The present disclosure relates generally to speech recognition and more particularly to speech recognition techniques for recognizing speech when audio signals of differing bandwidths may be required to be recognized.
Speech recognition techniques have evolved to a point where they are used in many mobile communication devices, such as cellular phones carried by people or fixed in vehicles. However, the architecture of present techniques is such that a speech recognizer optimized for a wider band voice signal, such as one presented to the speech recognizer from a microphone, does not provide optimum performance when presented with a narrower band voice signal, such as one presented by a Bluetooth device. Present architectures could optimize performance for both types of signals, but would result in using two speech models and would require almost double the resources of one speech recognizer.
The accompanying figures, where like reference numerals refer to identical or functionally similar elements throughout the separate views, together with the detailed description below, are incorporated in and form part of the specification, and serve to further illustrate embodiments of concepts that include the claimed invention, and explain various principles and advantages of those embodiments.

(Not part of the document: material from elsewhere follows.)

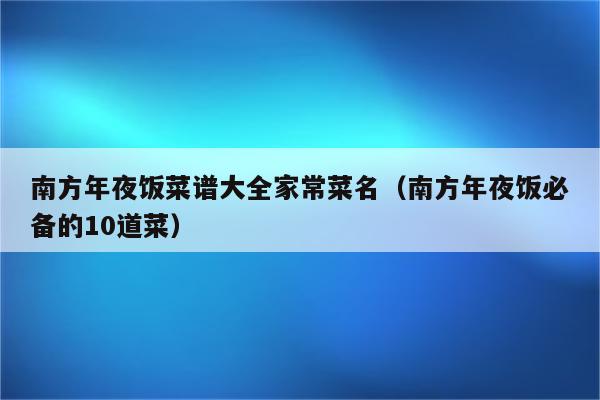 南方年夜饭菜谱大全家常菜名(南方年夜饭必备的10道菜)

Skilled artisans will appreciate that elements in the figures are illustrated for simplicity and clarity and have not necessarily been drawn to scale. For example, the dimensions of some of the elements in the figures may be exaggerated relative to other elements to help to improve understanding of embodiments of the present invention.
The apparatus and method components have been represented where appropriate by conventional symbols in the drawings, showing only those specific details that are pertinent to understanding the embodiments of the present invention so as not to obscure the disclosure with details that will be readily apparent to those of ordinary skill in the art having the benefit of the description herein.
Referring to
Similar situations may arise in other environments in which speech recognition is performed. For example a speech recognition system 115 may receive audio that has been passed through a telephone system that restricts the audio to a similarly narrow band, such as from approximately 300 Hz to 3200 Hz. The same speech recognition system 115 may also be intended to process audio that is not bandwidth limited and in fact may be conveyed through a microphone and audio system at present wideband audio extending from below 30 Hz to above 8 kHz to speech recognition system.
The speech recognition system 115 accepts the audio signal 111 coming from either type of audio system 110, that is to say a narrowband audio signal 111 or a wide band audio signal 111 and performs speech recognition using the minimized resources and optimal recognition techniques and presents the results to a user of recognized speech 120. The user of recognized speech 120 may be a function such as a contacts directory, a dialing function, a memo storage function, just to name a few. The speech recognition system 115 and user of recognized speech 120 may be implemented in a cellular telephone, a game box, a remote control such as a TV remote, or any other communication device that accepts voice audio.
Referring to
The narrowband cepstrum transform 215 performs a conventional cepstrum transform using components of the Fourier transform that are within the narrowband frequency range. The cepstrum transform 215 may be a conventional mel frequency cepstrum transform 215. When a conventional frequency cepstrum transform 215 is used, the logarithmic amplitudes of the Fourier transform within the narrow band are mapped onto a conventional mel frequency scale, using triangular overlapping windows. Then a discrete cosine transform is taken of the logarithmic amplitudes so obtained. The discrete cosine transform coefficients 216, commonly referred to as mel frequency cepstrum coefficients, or MFCCs, of which there are typically 13, are coupled to a speech model 230. First and second time derivatives of each MFCC may be determined, as in conventional speech recognition systems, and included with the MFCCs. When a narrow band signal is being processed, these 39 coefficients form a feature vector for each frame, which is calculated using the frequency components only within the narrow band, and is called herein a narrow band feature vector. In certain embodiments the speech model 230 is a hidden Markov model, or HMM, that has been trained as described below. Other Bayesian speech models could be used.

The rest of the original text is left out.